> _Your instructions_
Nothing is to be altered; the data must be repeated exactly.

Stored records
- - -
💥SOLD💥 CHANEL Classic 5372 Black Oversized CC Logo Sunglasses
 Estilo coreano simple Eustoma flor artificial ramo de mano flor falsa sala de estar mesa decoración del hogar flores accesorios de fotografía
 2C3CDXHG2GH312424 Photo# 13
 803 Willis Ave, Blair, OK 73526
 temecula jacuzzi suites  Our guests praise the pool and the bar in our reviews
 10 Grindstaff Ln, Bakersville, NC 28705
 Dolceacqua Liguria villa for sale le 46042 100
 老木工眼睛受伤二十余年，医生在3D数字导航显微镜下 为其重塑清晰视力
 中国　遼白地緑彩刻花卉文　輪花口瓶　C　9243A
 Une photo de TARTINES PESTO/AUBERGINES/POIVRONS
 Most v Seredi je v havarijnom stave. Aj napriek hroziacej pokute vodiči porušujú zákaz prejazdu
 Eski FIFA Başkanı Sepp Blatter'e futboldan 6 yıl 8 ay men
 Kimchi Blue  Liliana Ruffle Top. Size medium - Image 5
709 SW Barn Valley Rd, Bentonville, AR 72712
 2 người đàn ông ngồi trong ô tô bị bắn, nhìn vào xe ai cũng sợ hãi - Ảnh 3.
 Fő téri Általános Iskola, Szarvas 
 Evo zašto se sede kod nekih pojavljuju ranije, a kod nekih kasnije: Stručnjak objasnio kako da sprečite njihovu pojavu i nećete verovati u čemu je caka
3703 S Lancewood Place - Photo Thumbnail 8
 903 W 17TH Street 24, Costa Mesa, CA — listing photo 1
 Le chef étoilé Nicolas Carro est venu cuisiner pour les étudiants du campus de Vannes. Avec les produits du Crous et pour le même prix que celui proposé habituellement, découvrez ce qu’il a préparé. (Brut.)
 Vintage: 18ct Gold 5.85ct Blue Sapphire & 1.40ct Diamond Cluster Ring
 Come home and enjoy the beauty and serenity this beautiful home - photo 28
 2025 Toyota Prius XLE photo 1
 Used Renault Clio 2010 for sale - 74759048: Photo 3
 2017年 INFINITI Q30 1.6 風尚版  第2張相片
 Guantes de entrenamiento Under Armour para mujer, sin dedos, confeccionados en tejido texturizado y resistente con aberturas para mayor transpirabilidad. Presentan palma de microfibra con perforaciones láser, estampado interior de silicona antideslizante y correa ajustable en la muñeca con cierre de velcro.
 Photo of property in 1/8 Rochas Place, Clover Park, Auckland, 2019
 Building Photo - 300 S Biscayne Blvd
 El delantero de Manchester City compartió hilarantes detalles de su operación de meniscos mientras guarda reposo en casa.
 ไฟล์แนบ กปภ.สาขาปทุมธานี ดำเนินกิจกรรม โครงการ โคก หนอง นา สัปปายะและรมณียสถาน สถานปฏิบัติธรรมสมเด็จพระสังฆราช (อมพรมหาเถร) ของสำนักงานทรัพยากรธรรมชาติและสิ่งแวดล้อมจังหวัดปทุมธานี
- - -
> _Answer to the exercise_
💥SOLD💥 CHANEL Classic 5372 Black Oversized CC Logo Sunglasses
 Estilo coreano simple Eustoma flor artificial ramo de mano flor falsa sala de estar mesa decoración del hogar flores accesorios de fotografía
 2C3CDXHG2GH312424 Photo# 13
 803 Willis Ave, Blair, OK 73526
 temecula jacuzzi suites  Our guests praise the pool and the bar in our reviews
 10 Grindstaff Ln, Bakersville, NC 28705
 Dolceacqua Liguria villa for sale le 46042 100
 老木工眼睛受伤二十余年，医生在3D数字导航显微镜下 为其重塑清晰视力
 中国　遼白地緑彩刻花卉文　輪花口瓶　C　9243A
 Une photo de TARTINES PESTO/AUBERGINES/POIVRONS
 Most v Seredi je v havarijnom stave. Aj napriek hroziacej pokute vodiči porušujú zákaz prejazdu
 Eski FIFA Başkanı Sepp Blatter'e futboldan 6 yıl 8 ay men
 Kimchi Blue  Liliana Ruffle Top. Size medium - Image 5
709 SW Barn Valley Rd, Bentonville, AR 72712
 2 người đàn ông ngồi trong ô tô bị bắn, nhìn vào xe ai cũng sợ hãi - Ảnh 3.
 Fő téri Általános Iskola, Szarvas 
 Evo zašto se sede kod nekih pojavljuju ranije, a kod nekih kasnije: Stručnjak objasnio kako da sprečite njihovu pojavu i nećete verovati u čemu je caka
3703 S Lancewood Place - Photo Thumbnail 8
 903 W 17TH Street 24, Costa Mesa, CA — listing photo 1
 Le chef étoilé Nicolas Carro est venu cuisiner pour les étudiants du campus de Vannes. Avec les produits du Crous et pour le même prix que celui proposé habituellement, découvrez ce qu’il a préparé. (Brut.)
 Vintage: 18ct Gold 5.85ct Blue Sapphire & 1.40ct Diamond Cluster Ring
 Come home and enjoy the beauty and serenity this beautiful home - photo 28
 2025 Toyota Prius XLE photo 1
 Used Renault Clio 2010 for sale - 74759048: Photo 3
 2017年 INFINITI Q30 1.6 風尚版  第2張相片
 Guantes de entrenamiento Under Armour para mujer, sin dedos, confeccionados en tejido texturizado y resistente con aberturas para mayor transpirabilidad. Presentan palma de microfibra con perforaciones láser, estampado interior de silicona antideslizante y correa ajustable en la muñeca con cierre de velcro.
 Photo of property in 1/8 Rochas Place, Clover Park, Auckland, 2019
 Building Photo - 300 S Biscayne Blvd
 El delantero de Manchester City compartió hilarantes detalles de su operación de meniscos mientras guarda reposo en casa.
 ไฟล์แนบ กปภ.สาขาปทุมธานี ดำเนินกิจกรรม โครงการ โคก หนอง นา สัปปายะและรมณียสถาน สถานปฏิบัติธรรมสมเด็จพระสังฆราช (อมพรมหาเถร) ของสำนักงานทรัพยากรธรรมชาติและสิ่งแวดล้อมจังหวัดปทุมธานี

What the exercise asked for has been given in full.